In 1717, two years after The World Described first appeared, Moll advertised a new edition, which like the earlier atlas contained maps in “two sheets, all composed and done according to ye newest and exact Observations....” His advertisement blasted his competition, for a struggle for “territory” also existed in the mapmaking industry. “Since ye beginning of this new Set of Maps, now completely finish’d several ignorant Pretenders have started up, and with great Shew and Noise frequently advertised their trifling Performances; calling them Cheap, curious, useful and correct: As to ye first Epithet, they are really dear at any Price, in ye second Place every body may see they are Confusedly and Poorly engraven; as for their usefulness, it tends only to lead people into Errors and Dangers; Lastly they are so far from being Correct, that the fundamental or Projection of their Principal maps is Notoriously False.”

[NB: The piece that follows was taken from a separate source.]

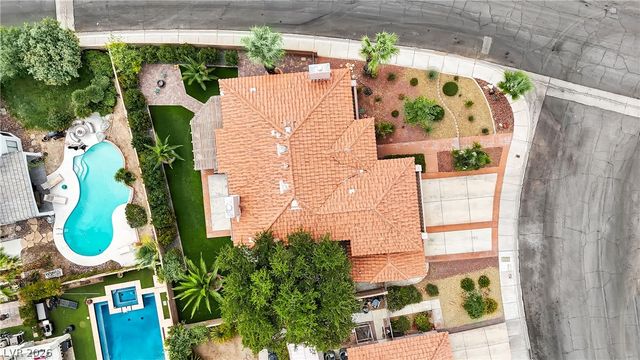2936 Pleasant Lake Drive, Las Vegas, NV 89117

Herman Moll came to London in 1678 from Germany or Holland and worked as an engraver for Moses Pitt. He possessed a talent for making interesting friends and provided maps for Daniel Defoe's Robinson Crusoe and Jonathan Swift's Gulliver's Travels. He also associated with explorer/buccaneer William Dampier and the chemist Robert Boyle. From 1689, he operated his own London shop. Maps of a uniquely Moll character, including his beautiful signature lettering, began to appear during Queen Anne's reign, and his individual style of mapmaking grew increasingly more distinct as his career progressed. Herman Moll was one of the most significant and distinctive European cartographers of the late seventeenth and early eighteenth centuries. He enjoyed a lengthy and productive career that spanned almost six decades and yielded more than two dozen geographies, atlases, and histories, as well as myriad separate maps, charts and globes spanning the known world. He possessed a strong and tasteful design sense that, when combined with his engraving talents, led to the creation of unique and aesthetically pleasing maps, many of which are considered graphic masterpieces. Moll and his maps also flourished during the fascinating and dynamic era of the British Enlightenment and the early, heady days of empire.

The cartographer eventually became part of a number of impressive circles that gathered regularly at London coffeehouses and which included, among others, the scientist Robert Hooke, the writers Daniel Defoe (Robinson Crusoe) and Jonathan Swift (Gullivers Travels), the buccaneers William Dampier and Woodes Rogers, and the field archeologist and antiquarian Rev. Dr. William Stukeley. Over the years these men and others came together in loosely knit and shifting groups and developed an intellectual and commercial interdependence around the themes of geography, cartography, literature and empire.